BAPTISM OF OUR LORD
JANUARY 10, 2021
ST. PAUL’S LUTHERAN CHURCH, FALLS CHURCH, VA
SERVICE OF WORD AND PRAYER
✠ ✠ ✠
PRELUDE O Blessed Spring Setting: Emma Lou Diemer
ENTRANCE HYMN #595 O Blessed Spring
1 O blessèd spring, where Word and sign
Embrace us into Christ the Vine:
Here Christ enjoins each one to be
A branch of this life-giving Tree.
2 Through summer heat of youthful years,
Uncertain faith, rebellious tears,
Sustained by Christ’s infusing rain,
The boughs will shout for joy again.
3 When autumn cools and youth is cold,
When limbs their heavy harvest hold,
Then through us, warm, the Christ will move
With gifts of beauty, wisdom, love.
4 As winter comes, as winters must,
We breathe our last, return to dust;
Still held in Christ, our souls take wing
And trust the promise of the spring.
5 Christ, holy Vine, Christ, living Tree,
Be praised for this blest mystery:
That Word and water thus revive
And join us to Your Tree of Life.
CONFESSION AND ABSOLUTION
In the name of the Father, and of the ✠ Son, and of the Holy Spirit.
If we say we have no sin, we deceive ourselves, and the truth is not in us.
But if we confess our sins, God, who is faithful and just, will forgive our sins and cleanse us from all unrighteousness.
Brief silence for reflection and self-examination.
Let us then confess our sins to God our Father.
Most merciful God, we confess that we are by nature sinful and unclean. We have sinned against You in thought, word, and deed, by what we have done and by what we have left undone. We have not loved You with our whole heart; we have not loved our neighbors as ourselves. We justly deserve Your present and eternal punishment. For the sake of Your Son, Jesus Christ, have mercy on us. Forgive us, renew us, and lead us, so that we may delight in Your will and walk in Your ways to the glory of Your holy name. Amen.

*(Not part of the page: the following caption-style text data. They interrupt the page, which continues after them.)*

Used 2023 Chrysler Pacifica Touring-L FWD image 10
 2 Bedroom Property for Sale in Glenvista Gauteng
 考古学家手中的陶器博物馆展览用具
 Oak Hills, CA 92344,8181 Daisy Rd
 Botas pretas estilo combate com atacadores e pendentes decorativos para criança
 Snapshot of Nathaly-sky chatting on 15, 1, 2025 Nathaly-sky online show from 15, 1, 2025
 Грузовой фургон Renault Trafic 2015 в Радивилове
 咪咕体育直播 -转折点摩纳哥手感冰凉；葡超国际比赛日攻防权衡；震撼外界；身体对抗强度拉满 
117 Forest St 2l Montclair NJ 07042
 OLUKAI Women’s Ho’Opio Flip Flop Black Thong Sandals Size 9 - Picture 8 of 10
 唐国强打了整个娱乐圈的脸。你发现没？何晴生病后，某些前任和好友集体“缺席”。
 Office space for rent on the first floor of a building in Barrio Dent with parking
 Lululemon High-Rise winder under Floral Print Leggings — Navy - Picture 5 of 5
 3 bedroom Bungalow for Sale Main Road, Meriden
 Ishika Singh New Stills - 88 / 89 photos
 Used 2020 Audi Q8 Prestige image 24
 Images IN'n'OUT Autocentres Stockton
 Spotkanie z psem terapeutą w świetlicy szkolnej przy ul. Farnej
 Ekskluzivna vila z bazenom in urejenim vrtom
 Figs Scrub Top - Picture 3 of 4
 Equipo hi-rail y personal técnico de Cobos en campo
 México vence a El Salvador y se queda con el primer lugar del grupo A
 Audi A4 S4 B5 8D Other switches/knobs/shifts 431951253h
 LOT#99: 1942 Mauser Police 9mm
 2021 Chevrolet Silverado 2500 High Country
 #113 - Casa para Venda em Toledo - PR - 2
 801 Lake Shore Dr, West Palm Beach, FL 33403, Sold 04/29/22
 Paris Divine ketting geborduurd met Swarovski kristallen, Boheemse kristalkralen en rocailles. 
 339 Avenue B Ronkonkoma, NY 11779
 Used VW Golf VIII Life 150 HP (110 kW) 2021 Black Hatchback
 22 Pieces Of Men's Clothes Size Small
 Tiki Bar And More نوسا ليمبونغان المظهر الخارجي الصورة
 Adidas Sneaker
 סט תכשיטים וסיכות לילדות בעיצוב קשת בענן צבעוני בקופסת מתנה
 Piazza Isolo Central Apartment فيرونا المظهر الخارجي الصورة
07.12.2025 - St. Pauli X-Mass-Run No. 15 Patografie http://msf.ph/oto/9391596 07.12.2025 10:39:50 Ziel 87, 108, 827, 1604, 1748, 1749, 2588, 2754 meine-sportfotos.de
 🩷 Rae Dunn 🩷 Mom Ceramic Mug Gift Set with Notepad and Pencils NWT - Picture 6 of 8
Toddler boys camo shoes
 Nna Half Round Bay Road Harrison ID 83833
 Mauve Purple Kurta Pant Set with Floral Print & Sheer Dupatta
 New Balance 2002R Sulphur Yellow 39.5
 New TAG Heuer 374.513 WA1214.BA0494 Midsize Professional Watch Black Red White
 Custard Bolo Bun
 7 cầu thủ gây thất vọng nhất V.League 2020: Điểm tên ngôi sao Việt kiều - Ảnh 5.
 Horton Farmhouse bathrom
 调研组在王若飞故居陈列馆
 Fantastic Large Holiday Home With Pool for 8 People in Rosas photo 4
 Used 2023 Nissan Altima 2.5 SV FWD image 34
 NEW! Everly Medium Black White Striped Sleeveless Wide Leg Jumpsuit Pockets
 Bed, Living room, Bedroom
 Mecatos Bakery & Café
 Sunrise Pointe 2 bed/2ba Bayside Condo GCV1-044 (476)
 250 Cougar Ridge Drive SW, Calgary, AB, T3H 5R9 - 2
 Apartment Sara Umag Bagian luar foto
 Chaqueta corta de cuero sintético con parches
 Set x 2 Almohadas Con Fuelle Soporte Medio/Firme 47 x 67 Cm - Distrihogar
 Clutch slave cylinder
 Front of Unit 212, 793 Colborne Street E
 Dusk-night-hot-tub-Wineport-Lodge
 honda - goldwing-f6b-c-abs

In the mercy of almighty God, Jesus Christ was given to die for us, and for His sake God forgives us all our sins. To those who believe in Jesus Christ He gives the power to become the children of God and bestows on them the Holy Spirit. May the Lord, who has begun this good work in us, bring it to completion in the day of our Lord Jesus Christ.
In peace let us pray to the Lord.
Lord, have mercy.
For the peace from above and for our salvation let us pray to the Lord.
Lord, have mercy.
For the peace of the whole world, for the well-being of the Church of God, and for the unity of all let us pray to the Lord.
Lord, have mercy.
For this holy house and for all who offer here their worship and praise let us pray to the Lord.
Lord, have mercy.
Help, save, comfort, and defend us, gracious Lord.
GLORIA IN EXCELSIS
Glory to God in the highest, and peace to His people on earth.
Lord God, heavenly king, almighty God and Father:
We worship You, we give You thanks, we praise You for Your glory.
Lord Jesus Christ, only Son of the Father, Lord God, Lamb of God:
You take away the sin of the world; have mercy on us.
You are seated at the right hand of the Father; receive our prayer.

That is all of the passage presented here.